■ Directions:
Starting with the line that contains "1988 Glenbrook Mobile Home" and stopping after the line that contains "Wypadek dwóch samochodów", copy the entries below exactly. Include nothing else.

■ Source records:
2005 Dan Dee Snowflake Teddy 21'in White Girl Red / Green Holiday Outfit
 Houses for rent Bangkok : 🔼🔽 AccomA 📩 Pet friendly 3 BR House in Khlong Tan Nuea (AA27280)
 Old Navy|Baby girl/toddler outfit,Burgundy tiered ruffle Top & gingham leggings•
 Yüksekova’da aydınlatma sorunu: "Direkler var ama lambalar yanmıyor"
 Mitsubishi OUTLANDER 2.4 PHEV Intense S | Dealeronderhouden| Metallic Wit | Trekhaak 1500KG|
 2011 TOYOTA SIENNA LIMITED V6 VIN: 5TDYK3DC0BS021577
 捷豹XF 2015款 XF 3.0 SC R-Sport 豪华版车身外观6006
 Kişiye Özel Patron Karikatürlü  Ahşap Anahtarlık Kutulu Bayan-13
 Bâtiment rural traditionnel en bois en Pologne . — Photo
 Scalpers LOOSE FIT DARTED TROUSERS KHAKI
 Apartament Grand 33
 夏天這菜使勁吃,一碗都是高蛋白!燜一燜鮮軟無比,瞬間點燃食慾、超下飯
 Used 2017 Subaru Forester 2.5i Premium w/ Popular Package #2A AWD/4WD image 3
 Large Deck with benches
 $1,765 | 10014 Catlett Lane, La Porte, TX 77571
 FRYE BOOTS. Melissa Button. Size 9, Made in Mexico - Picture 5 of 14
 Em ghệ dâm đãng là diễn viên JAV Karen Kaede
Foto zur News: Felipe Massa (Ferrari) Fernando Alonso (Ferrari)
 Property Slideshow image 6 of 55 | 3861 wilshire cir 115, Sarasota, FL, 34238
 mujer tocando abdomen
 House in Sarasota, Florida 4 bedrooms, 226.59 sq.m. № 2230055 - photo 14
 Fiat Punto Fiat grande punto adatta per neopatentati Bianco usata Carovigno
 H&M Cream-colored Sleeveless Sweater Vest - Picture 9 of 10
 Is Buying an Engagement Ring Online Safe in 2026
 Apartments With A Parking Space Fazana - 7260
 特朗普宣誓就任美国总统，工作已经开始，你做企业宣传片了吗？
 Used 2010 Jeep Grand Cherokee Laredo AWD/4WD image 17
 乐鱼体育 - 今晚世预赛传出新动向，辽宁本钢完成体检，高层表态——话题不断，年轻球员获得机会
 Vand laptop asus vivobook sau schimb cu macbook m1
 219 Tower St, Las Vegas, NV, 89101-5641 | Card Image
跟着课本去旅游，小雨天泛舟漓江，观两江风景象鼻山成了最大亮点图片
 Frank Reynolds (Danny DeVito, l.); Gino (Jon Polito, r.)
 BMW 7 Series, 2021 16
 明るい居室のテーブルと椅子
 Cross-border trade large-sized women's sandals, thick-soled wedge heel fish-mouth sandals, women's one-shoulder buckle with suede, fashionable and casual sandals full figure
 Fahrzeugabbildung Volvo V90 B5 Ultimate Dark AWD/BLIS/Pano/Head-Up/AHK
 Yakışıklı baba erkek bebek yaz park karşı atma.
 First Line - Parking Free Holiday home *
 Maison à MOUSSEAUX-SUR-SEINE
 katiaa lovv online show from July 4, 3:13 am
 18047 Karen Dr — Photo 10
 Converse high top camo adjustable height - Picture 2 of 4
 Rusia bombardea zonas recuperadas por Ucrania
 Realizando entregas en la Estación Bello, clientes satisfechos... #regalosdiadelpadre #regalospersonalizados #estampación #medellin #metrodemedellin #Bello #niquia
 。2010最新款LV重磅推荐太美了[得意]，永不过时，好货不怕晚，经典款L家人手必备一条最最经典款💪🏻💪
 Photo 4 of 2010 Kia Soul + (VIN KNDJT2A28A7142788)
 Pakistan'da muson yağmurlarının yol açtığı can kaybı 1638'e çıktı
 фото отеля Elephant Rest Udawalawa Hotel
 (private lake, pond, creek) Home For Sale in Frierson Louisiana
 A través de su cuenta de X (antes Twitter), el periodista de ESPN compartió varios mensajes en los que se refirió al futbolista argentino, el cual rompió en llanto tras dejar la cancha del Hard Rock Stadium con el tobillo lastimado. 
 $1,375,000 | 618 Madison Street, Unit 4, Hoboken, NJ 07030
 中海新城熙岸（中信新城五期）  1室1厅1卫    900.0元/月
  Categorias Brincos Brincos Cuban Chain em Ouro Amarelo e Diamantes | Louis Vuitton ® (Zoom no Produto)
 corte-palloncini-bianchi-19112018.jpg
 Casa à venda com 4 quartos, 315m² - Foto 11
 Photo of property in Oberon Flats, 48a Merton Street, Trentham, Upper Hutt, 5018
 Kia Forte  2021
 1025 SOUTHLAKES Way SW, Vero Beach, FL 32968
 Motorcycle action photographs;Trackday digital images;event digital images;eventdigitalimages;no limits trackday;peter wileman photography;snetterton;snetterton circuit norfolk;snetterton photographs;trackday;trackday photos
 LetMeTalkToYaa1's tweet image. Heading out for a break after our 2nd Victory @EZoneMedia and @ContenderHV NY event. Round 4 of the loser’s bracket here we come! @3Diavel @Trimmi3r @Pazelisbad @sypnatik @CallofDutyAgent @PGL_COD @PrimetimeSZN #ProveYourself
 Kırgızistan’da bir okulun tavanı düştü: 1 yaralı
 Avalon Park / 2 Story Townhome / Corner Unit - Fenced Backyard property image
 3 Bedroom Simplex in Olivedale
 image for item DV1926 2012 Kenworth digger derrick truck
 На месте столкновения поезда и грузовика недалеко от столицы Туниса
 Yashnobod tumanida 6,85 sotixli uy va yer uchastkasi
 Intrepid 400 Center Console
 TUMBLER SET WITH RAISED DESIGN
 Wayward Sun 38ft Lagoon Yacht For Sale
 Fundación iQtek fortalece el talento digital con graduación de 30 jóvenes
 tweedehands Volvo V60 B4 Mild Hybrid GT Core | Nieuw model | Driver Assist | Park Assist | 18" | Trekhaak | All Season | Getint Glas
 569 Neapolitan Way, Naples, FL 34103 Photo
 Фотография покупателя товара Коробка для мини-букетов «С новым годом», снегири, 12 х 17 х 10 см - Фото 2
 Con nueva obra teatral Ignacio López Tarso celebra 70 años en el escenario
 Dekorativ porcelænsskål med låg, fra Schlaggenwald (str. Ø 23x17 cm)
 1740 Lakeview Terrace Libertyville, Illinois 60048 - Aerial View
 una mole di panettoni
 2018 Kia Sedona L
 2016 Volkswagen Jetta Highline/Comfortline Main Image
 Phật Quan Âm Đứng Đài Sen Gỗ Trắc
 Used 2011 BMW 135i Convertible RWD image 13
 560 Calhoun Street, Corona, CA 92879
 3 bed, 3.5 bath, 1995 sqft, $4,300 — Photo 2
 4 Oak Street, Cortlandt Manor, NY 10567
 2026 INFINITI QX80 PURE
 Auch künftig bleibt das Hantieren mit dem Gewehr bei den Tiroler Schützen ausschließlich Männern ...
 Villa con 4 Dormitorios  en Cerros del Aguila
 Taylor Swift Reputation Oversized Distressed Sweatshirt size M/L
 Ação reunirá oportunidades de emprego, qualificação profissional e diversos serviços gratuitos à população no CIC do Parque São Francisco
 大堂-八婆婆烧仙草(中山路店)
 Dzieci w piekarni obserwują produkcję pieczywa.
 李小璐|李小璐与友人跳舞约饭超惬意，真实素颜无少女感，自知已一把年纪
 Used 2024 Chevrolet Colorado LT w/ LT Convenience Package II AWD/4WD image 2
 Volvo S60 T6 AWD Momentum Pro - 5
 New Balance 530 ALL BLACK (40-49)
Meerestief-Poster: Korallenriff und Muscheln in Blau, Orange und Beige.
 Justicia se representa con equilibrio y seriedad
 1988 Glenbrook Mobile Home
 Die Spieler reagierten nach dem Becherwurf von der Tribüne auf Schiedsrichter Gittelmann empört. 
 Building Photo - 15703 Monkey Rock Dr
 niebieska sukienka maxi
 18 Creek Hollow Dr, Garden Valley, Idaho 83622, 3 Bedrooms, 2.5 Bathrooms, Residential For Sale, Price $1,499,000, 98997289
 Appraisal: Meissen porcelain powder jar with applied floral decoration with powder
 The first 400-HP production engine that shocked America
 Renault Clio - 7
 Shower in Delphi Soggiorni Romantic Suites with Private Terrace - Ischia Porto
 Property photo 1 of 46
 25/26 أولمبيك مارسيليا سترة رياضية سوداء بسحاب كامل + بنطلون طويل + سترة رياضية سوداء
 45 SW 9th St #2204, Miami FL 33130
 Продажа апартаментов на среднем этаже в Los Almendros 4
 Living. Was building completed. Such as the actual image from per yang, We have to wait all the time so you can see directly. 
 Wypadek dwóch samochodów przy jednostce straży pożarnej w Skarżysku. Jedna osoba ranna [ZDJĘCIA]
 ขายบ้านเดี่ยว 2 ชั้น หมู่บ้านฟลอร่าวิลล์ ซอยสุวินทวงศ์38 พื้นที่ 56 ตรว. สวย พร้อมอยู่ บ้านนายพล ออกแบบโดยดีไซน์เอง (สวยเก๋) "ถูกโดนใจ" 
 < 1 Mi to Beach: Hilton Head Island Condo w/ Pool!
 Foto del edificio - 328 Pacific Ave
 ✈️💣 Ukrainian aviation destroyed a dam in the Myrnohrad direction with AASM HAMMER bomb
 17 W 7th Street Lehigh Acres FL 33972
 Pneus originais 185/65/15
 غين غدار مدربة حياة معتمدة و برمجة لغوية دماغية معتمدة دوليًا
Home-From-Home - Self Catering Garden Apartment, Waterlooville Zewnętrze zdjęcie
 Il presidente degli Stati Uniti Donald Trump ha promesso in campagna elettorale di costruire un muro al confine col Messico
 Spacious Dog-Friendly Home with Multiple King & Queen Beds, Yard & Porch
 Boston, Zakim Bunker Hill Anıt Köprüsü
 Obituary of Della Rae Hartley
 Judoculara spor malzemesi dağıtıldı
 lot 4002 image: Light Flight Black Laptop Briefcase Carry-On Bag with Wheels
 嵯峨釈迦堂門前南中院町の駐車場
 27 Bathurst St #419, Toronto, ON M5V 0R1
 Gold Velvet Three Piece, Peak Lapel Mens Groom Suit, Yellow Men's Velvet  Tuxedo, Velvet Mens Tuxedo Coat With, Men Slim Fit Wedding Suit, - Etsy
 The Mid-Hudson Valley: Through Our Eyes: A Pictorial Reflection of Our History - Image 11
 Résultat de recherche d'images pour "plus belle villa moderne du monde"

■ Response area:
 1988 Glenbrook Mobile Home
 Die Spieler reagierten nach dem Becherwurf von der Tribüne auf Schiedsrichter Gittelmann empört. 
 Building Photo - 15703 Monkey Rock Dr
 niebieska sukienka maxi
 18 Creek Hollow Dr, Garden Valley, Idaho 83622, 3 Bedrooms, 2.5 Bathrooms, Residential For Sale, Price $1,499,000, 98997289
 Appraisal: Meissen porcelain powder jar with applied floral decoration with powder
 The first 400-HP production engine that shocked America
 Renault Clio - 7
 Shower in Delphi Soggiorni Romantic Suites with Private Terrace - Ischia Porto
 Property photo 1 of 46
 25/26 أولمبيك مارسيليا سترة رياضية سوداء بسحاب كامل + بنطلون طويل + سترة رياضية سوداء
 45 SW 9th St #2204, Miami FL 33130
 Продажа апартаментов на среднем этаже в Los Almendros 4
 Living. Was building completed. Such as the actual image from per yang, We have to wait all the time so you can see directly. 
 Wypadek dwóch samochodów przy jednostce straży pożarnej w Skarżysku. Jedna osoba ranna [ZDJĘCIA]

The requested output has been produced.